In [1]:
import pandas as pd # data processing, CSV file I/O (e.g. pd.read_csv)
import mysql.connector

# Establish a connection to the MySQL database
connection = mysql.connector.connect(
    host='127.0.0.1',
    port=13306,
    user='root',
    password='root',
    database='pyml'
)

# Read the table data using pandas
query = "SELECT contents, JSON_UNQUOTE(JSON_EXTRACT(tags, '$[0].slug')) AS slug FROM viblo_interview"
df = pd.read_sql(query, connection)

# Close the database connection
connection.close()

  df = pd.read_sql(query, connection)


In [2]:
df.head()
df['slug'] = df['slug'].apply(lambda x: str(x).replace("b'", "").replace("'", ""))
print(df['slug'][0])
str(df['slug'][0]) == 'frontend-development'

frontend-development


True

In [3]:
from keras.models import Sequential
from keras import backend as K, initializers, regularizers, constraints, Model
from keras.layers import Embedding, Flatten, MaxPooling1D, Dense, LSTM, Bidirectional, Attention, Layer, Input, Activation, Dropout, SpatialDropout1D
from keras_preprocessing.text import Tokenizer
from keras_preprocessing import sequence
from gensim import corpora, models
from gensim.models import KeyedVectors
import numpy as np
from keras.utils import to_categorical
import tensorflow as tf

# Add attention layer to the deep learning network
class attention(Layer):
    def __init__(self,**kwargs):
        super(attention,self).__init__(**kwargs)
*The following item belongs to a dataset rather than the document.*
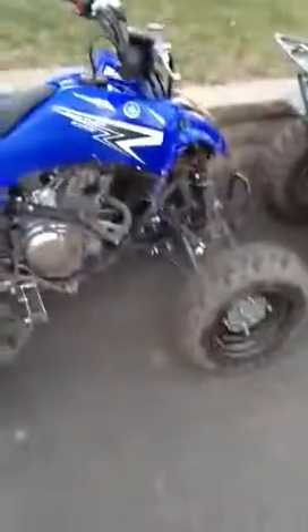This is a 2011 Raptor 125, a little dirty right now but I haven't got time to clean it. I'll start it off for you guys — it's a cold start. I just ordered a billet power pro exhaust tip, so it'll make it sound a lot better than it does now.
    def build(self,input_shape):
        self.W=self.add_weight(name='attention_weight', shape=(input_shape[-1],1), 
                               initializer='random_normal', trainable=True)
        self.b=self.add_weight(name='attention_bias', shape=(input_shape[1],1), 
                               initializer='zeros', trainable=True)        
        super(attention, self).build(input_shape)

    def call(self,x):
        print('current stack:', x.shape, self.W.shape, self.b.shape)
        # Alignment scores. Pass them through tanh function
        e = K.tanh(K.dot(x,self.W)+self.b)
        # Remove dimension of size 1
        e = K.squeeze(e, axis=-1)
        print('call: e', e.shape)
        # Compute the weights
        alpha = K.softmax(e)
        print('call: alpha', alpha.shape)
        # Reshape to tensorFlow format
        alpha = K.expand_dims(alpha, axis=-1)
        print('call: alpha expand_dimp', alpha.shape)
        # Compute the context vector
        context = x * alpha
        context = K.sum(context, axis=1)
        print('call: context', context.shape)
        return context
    
w2v_model = KeyedVectors.load_word2vec_format('../model/wiki.vi.model.bin', binary=True)

class ModelBuild:
    def __init__(self):
        self.tokenizer = Tokenizer()
        self.model = None
        self.label_mapping = []
        self.flipped_label_mapping = {}

    def convertToCategories(self, y_class):
        # Example list of label texts
        labels = y_class

        # Create a dictionary to map unique labels to integers
        self.label_mapping = {label: i for i, label in enumerate(set(labels))}
        self.flipped_label_mapping = {value: key for key, value in self.label_mapping.items()}
        # Convert labels to corresponding integers
        integer_labels = [self.label_mapping[label] for label in labels]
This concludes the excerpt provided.